The reason for this dire prediction is simple. On more than one occasion in the last six months, centre-right government figures have indicated that this year's Finance Bill (Budget) may yet contain an amnesty for minor building infractions committed over the last ten years.
"As of now, obviously, we don't have precise figures on what is happening. But from information gathered everywhere, we predict that, by the end of 2003, illegal building will have increased by 30 per cent.
Ten years of fighting to protect the environment will have been wiped out," Enrico Fontana, editor of Nouva Ecologia and a collaborator of Legambiente, recently told weekly magazine L'Espresso.
Legambiente and other environmentalist groups are convinced that it requires only the mention of a possible amnesty for illegal building to mushroom. According to figures from Cresme, a building-sector research institute, the last amnesty granted by the 1994 Silvio Berlusconi-led centre-right government prompted the number of illegal buildings in Italy to jump from 58,000 in 1993 to 83,000 in 1994. (In the wake of the Fuenti and Valley of the Temples demolitions, the number went down to 28,000 in 2001.)
Even though various government spokesmen have stressed that the amnesty will apply only to minor infringements (for example: illegal adjustments to existing buildings), environmentalists still see any amnesty as the thin end of the wedge.
They fear that property speculators and private citizens, determined to build how and where they want, will have interpreted talk of an amnesty as a carte blanche to rush ahead, get a skeleton building structure up and then pay a condono (or fine) to have it legalised under the amnesty.
They also argue that talk of an amnesty only leads some already less-than-vigilant local authorities, especially in southern Italy, to turn an even blinder eye.
Legambiente claims that for every illegal building that is currently sequestered, another nine sprout up somewhere else in its place.
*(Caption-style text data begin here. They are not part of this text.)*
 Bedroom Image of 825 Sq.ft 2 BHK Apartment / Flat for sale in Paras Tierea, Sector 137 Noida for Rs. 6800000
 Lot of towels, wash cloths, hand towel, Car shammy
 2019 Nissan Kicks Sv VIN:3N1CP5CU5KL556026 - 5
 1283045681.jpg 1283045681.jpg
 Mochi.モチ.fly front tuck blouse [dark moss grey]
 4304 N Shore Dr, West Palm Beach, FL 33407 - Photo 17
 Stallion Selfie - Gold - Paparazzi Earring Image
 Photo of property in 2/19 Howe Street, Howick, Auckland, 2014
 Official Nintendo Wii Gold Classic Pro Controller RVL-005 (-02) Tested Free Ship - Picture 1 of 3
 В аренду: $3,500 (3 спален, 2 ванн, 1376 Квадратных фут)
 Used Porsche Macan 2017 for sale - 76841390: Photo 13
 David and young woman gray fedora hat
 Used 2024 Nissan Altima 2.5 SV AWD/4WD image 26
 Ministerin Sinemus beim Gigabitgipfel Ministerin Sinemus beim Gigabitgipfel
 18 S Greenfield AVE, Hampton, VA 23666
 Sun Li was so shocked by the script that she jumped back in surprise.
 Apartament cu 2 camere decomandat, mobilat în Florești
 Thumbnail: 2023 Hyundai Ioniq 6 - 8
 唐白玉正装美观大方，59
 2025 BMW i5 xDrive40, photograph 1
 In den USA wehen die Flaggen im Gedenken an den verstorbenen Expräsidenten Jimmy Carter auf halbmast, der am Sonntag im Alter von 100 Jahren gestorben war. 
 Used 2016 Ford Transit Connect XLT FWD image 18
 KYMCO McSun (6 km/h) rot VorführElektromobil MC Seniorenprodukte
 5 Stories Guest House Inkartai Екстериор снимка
Thus it is that illegal buildings have been going up in places as diverse as the Molentargius National Park near Cagliari, Sardinia (185 buildings), near Frosinone in Lazio (a whole 110-acre village proved to be abusivo or illegal), on the island of Maddalena (50) and even up the side of volcanic Vesuvius, near Naples.
The condono or fine is, of course, the whole point of the amnesty from the government viewpoint, since it would, in the short term, generate a significant, one-off cash injection into the state coffers.
(Fines can be anything from €1,000 to €100,00, depending on the nature of the infringement. It is estimated that the amnesty could generate up to €2.5 billion for the Treasury).
In the long term, however, any form of encouragement for illegal or abusivo building can do serious damage to the eco-system and soil substructure. Abusivo building is widely believed to have played a fundamental role in recent environmental disasters such as the Sarno landslide of 1998, and various flooding disasters in Piedmont, Liguria and along the Po river in recent winters.
Then, too, there is the very principle of the amnesty itself. Anti-Mafia State Prosecutor Pier Luigi Vigna is one of those who have signed a Legambiente appeal against the proposed amnesty, arguing: "It is imprudent to introduce an amnesty because it is one way to undermine people's sense of legality. The person who has stuck by the law is made to feel a fool, whilst the person who is unsure is encouraged to do something illegal."